P&C industry urges changes to adjusters licensing

After four consecutive NatCat events in one month resulted in more than 228,000 claims, Canada’s property and casualty insurance industry is urging regulators to change how adjusters are licensed in the country.

“The ability to rapidly deploy adjusters is an increasingly vital component of insurers’ claims response,” says an open letter sent by a P&C insurance industry coalition to Canada’s two main insurance regulators, the Canadian Insurance Services Regulatory Organizations (CISRO) and Canadian Council of Insurance Regulators (CCIR).

“[Our] coalition has been calling on Canada’s regulators to work together to establish a licensing reciprocity regime — meaning if an adjuster is licensed in one province, their licence is recognized across the country,” the letter says. “As it stands, each Canadian jurisdiction has its own rules and requirements for adjusters.

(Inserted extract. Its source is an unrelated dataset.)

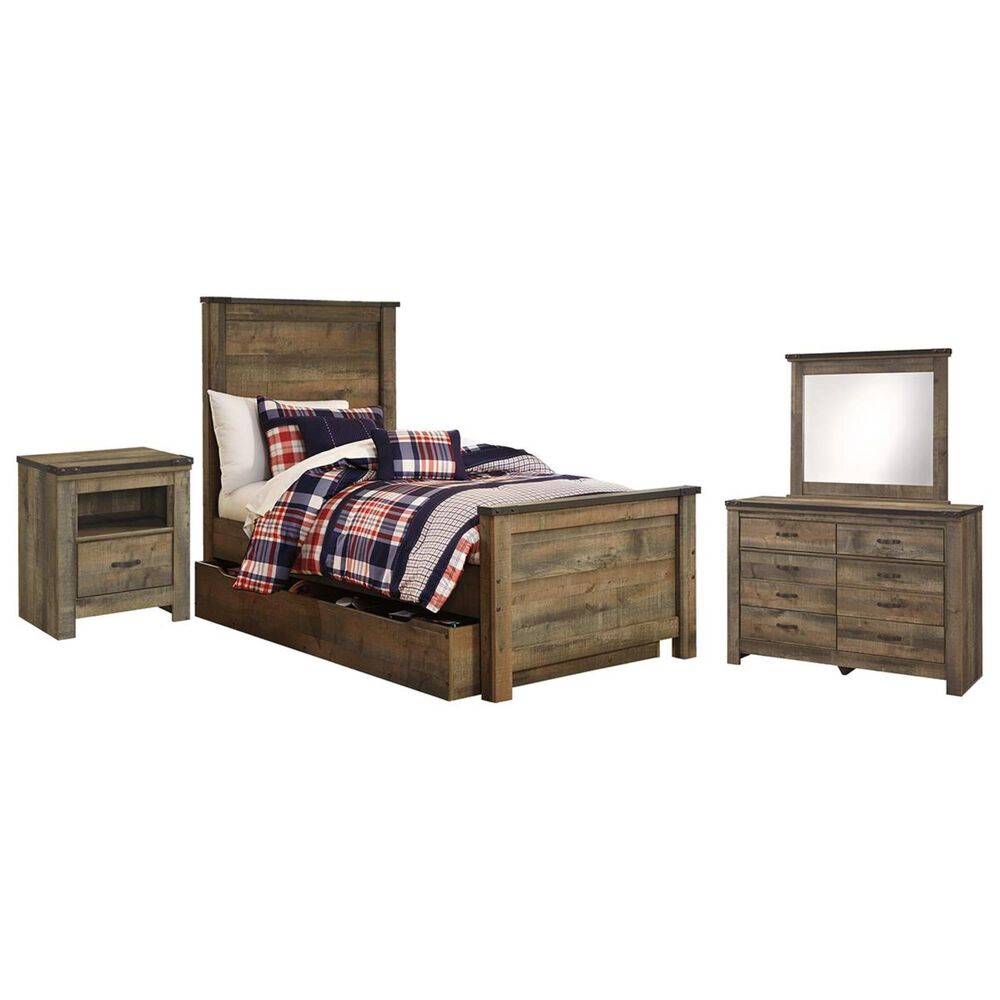 Ashley Trinell 4 Piece Twin Storage Bed Set in Brown, , large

“There is simply no reasonable public policy rationale justifying this type of fragmented approach to licensing.”

The coalition includes Insurance Bureau of Canada, the Canadian Association of Mutual Insurance Companies, the Canadian Insurance Claims Managers Association, the Canadian Independent Adjusters’ Association, the Insurance Brokers Association of Canada, the Canadian Association of Direct Relationship Insurers, and the Omnia Adjusters Cooperative.

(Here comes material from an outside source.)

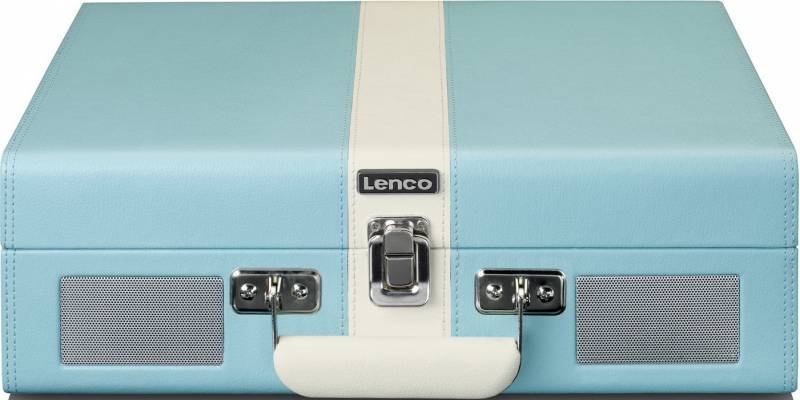 2 Stück Lenco Koffer-Plattenspieler TT-110 Blue White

The industry has long been calling for a more streamlined licensing process for insurance adjusters. For some previous Canadian NatCats, insurers and independent adjusting firms have, at times, relied upon the United States’ adjusters because the licensing process in Canada makes it too slow to move adjusters from one province to another.

And a well-documented labour shortage in both the P&C and restoration contracting industries isn’t helping matters at all. Adjusters are among the most sought-after industry professionals in the country, according to the Insurance Institute of Canada’s Demographic Research, which surveyed P&C insurance industry HR professionals.

After flooding from Tropical Storm Beryl in Ontario caused more than $940 million in insured damage in July, the province’s insurance regulator, the Financial Services Regulatory Authority (FSRA), temporarily allowed licensed adjusting firms to use claims adjusters licensed outside of Ontario. It also allowed Ontario insurers to use the services of employees of affiliated insurers.

These temporary measures will be in effect until Oct. 31, 2024.

As far back as 2017, the Atlantic Superintendents of Insurance recognized harmonizing the approach for moving short-term independent adjusters — enabling them to practice in the Atlantic region quickly — was in the best interests of the industry and the consumer.

At that time, the Atlantic provinces agreed on common licensing protocols to quickly permit adjusting capacity in the region in times of severe weather or catastrophic events. Effective in March 2017, the protocols allowed for a licence of up to 60 days and allowance for pre-approvals pending severe weather, among other things.

In their September 2024 open letter, P&C insurance industry coalition members said these temporary measures are appreciated, but they come with limitations.

“While the recent post-Cat allowances made by regulators are welcome, they are an imperfect solution,” the coalition says. “These measures are characterized by limited entry periods and at times onerous application and reporting requirements, and of course, a reliance on regulators to introduce measures in times of need — and to introduce those measures in a timely fashion.

“Even with an expedited process, hundreds of applications can still take weeks to process, delaying the claims progression and frustrating disaster victims.”

Back in 2018, the Canadian Independent Adjusters’ Association (CIAA) approached CISRO with a proposal for a “national emergency licensing protocol” to address mobility issues facing independent adjusters in Canada.

It also proposed a national licensing qualification, a longer-term solution that would require legislative changes to Insurance Acts in jurisdictions where the regulator is a Superintendent of Insurance.

It is unclear what’s happened to that proposal, or if it is still under consideration.